Segment Start: Supplied data

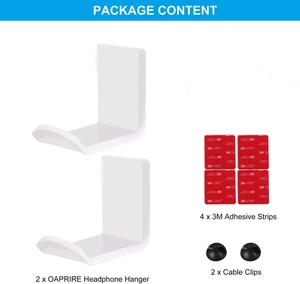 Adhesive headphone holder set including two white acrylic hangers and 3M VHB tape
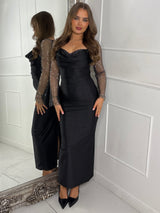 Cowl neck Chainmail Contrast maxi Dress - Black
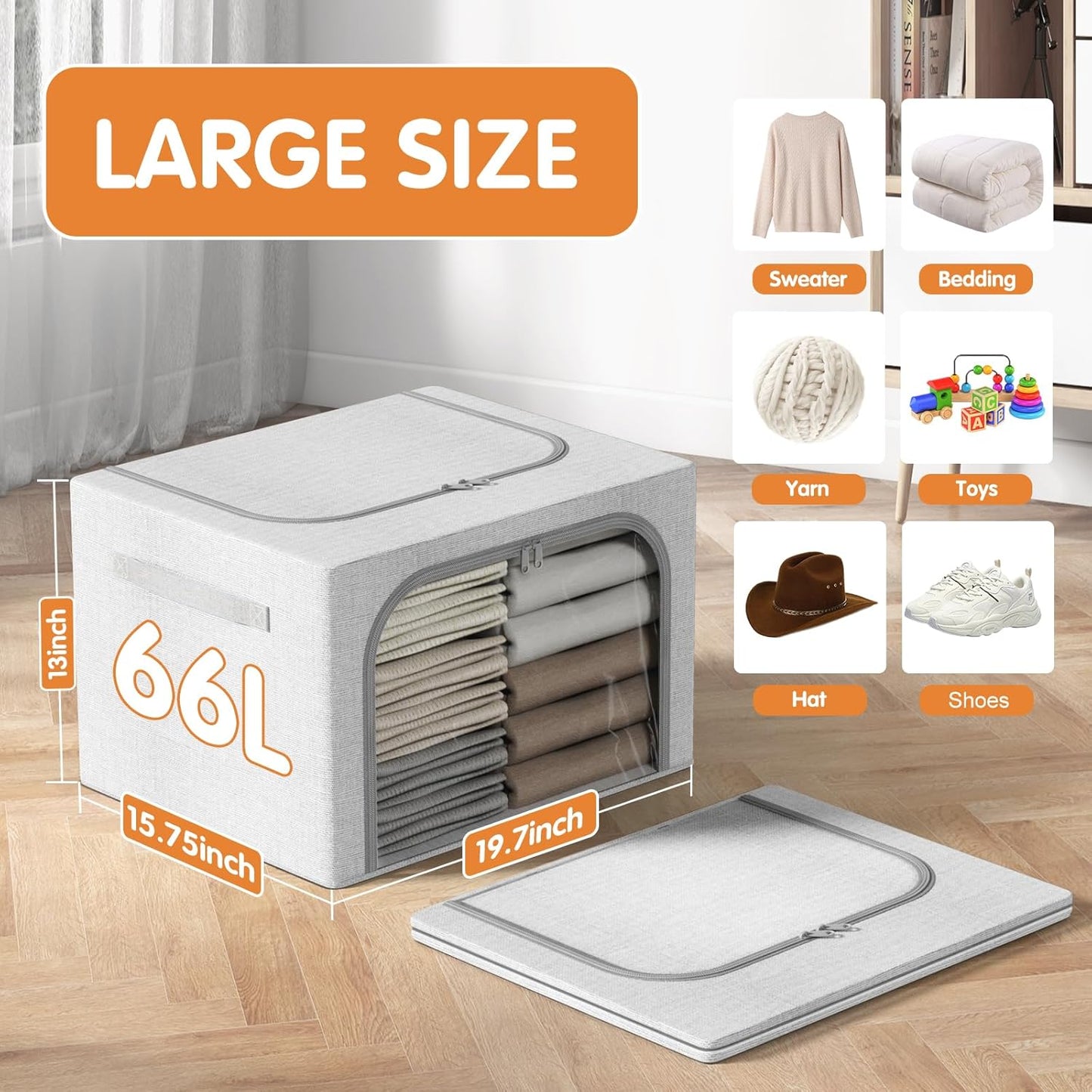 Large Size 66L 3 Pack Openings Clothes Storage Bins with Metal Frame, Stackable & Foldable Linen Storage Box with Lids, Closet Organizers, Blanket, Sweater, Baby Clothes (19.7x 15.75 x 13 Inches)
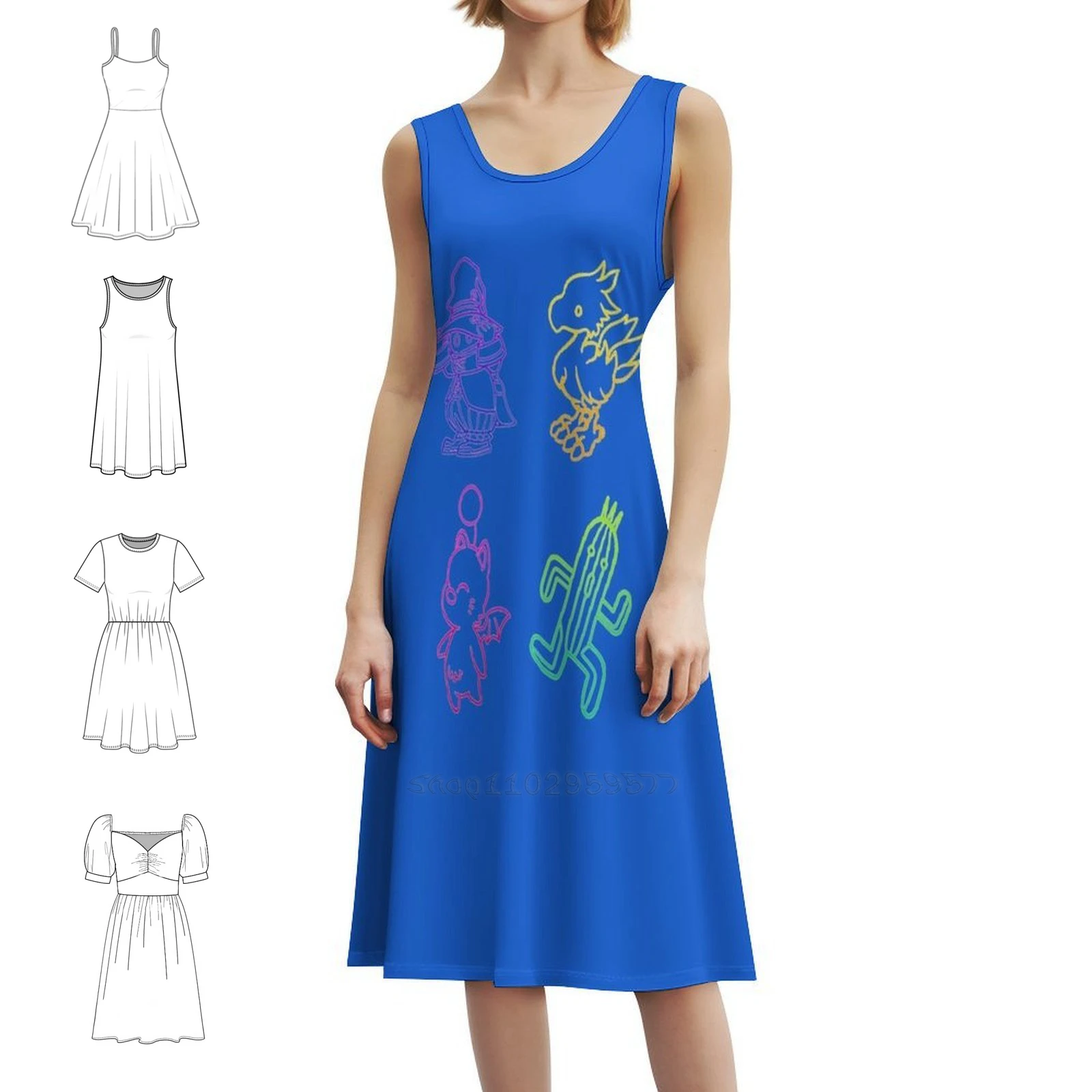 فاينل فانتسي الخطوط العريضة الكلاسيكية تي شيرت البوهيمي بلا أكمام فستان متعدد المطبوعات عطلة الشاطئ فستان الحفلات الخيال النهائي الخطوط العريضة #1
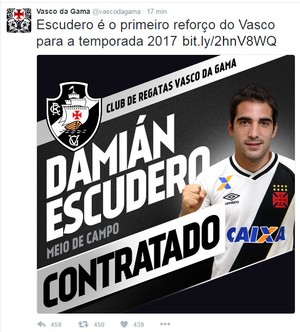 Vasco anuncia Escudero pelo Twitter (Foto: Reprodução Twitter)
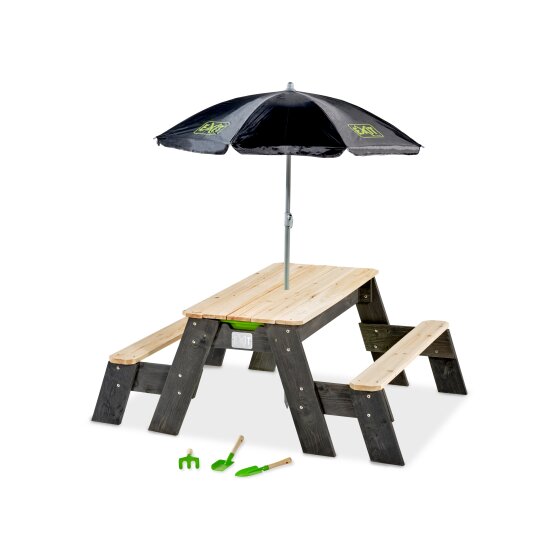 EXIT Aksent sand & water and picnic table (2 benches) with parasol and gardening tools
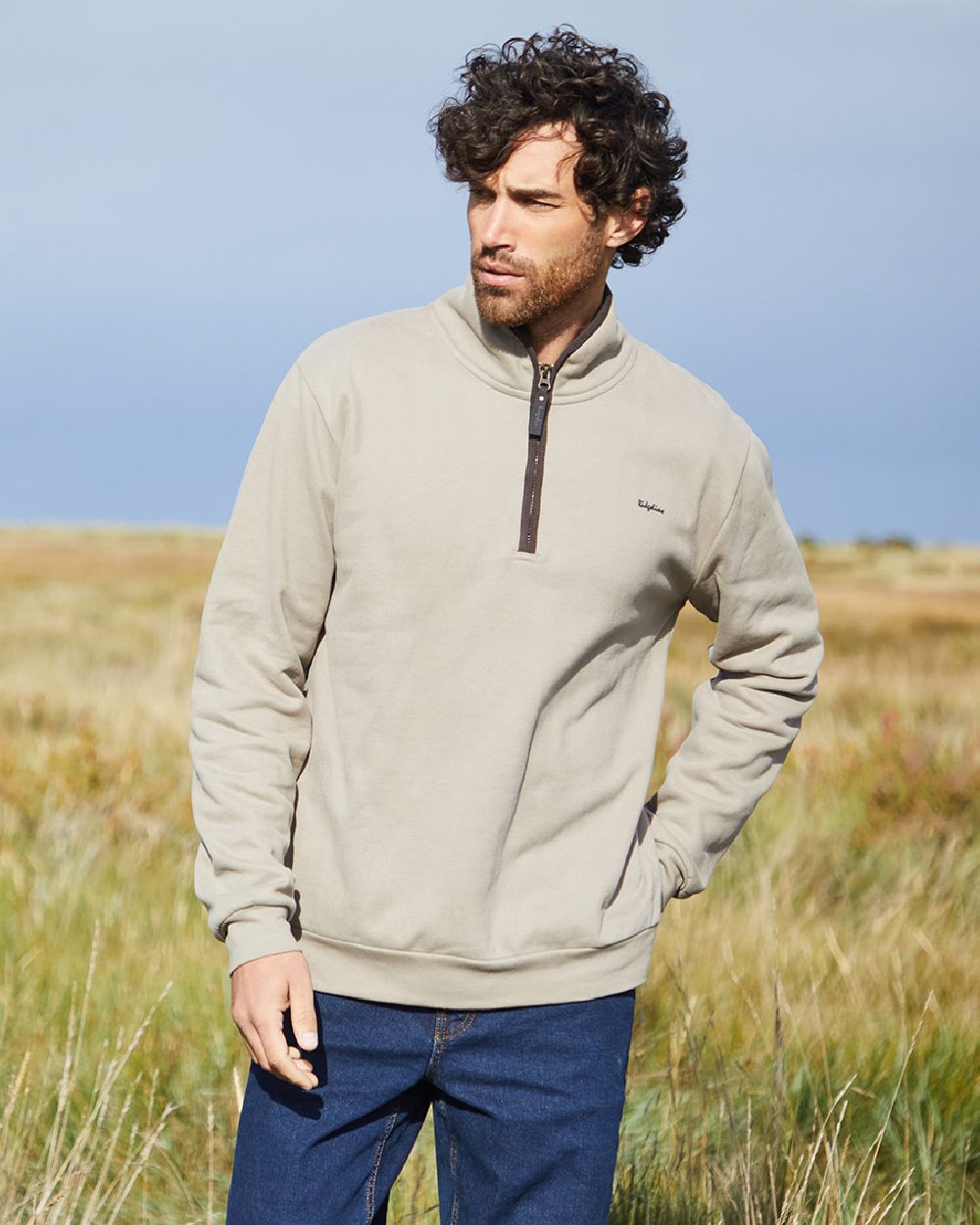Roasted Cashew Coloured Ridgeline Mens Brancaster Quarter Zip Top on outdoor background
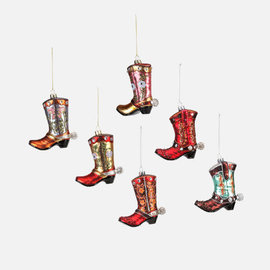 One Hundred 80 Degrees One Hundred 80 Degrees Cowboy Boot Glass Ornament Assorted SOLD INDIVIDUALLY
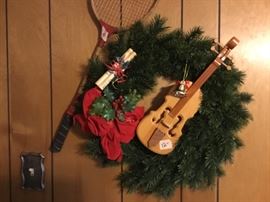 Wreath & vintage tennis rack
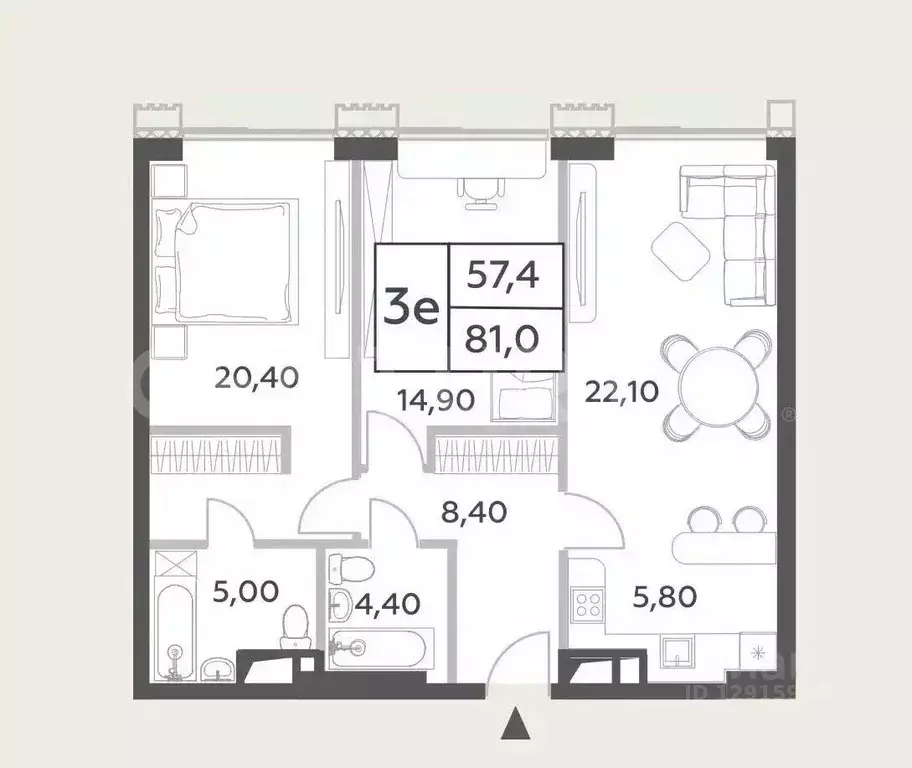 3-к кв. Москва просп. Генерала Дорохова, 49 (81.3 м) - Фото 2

Segment End: Supplied data

Exercise aim:
From the first line to the last, copy the records exactly and skip the pictures.

Expected answer:
 Adhesive headphone holder set including two white acrylic hangers and 3M VHB tape
 Cowl neck Chainmail Contrast maxi Dress - Black
 Large Size 66L 3 Pack Openings Clothes Storage Bins with Metal Frame, Stackable & Foldable Linen Storage Box with Lids, Closet Organizers, Blanket, Sweater, Baby Clothes (19.7x 15.75 x 13 Inches)
 فاينل فانتسي الخطوط العريضة الكلاسيكية تي شيرت البوهيمي بلا أكمام فستان متعدد المطبوعات عطلة الشاطئ فستان الحفلات الخيال النهائي الخطوط العريضة #1
 Vasco anuncia Escudero pelo Twitter (Foto: Reprodução Twitter)
 EXIT Aksent sand & water and picnic table (2 benches) with parasol and gardening tools
Roasted Cashew Coloured Ridgeline Mens Brancaster Quarter Zip Top on outdoor background
 One Hundred 80 Degrees One Hundred 80 Degrees Cowboy Boot Glass Ornament Assorted SOLD INDIVIDUALLY
 Wreath & vintage tennis rack
 3-к кв. Москва просп. Генерала Дорохова, 49 (81.3 м) - Фото 2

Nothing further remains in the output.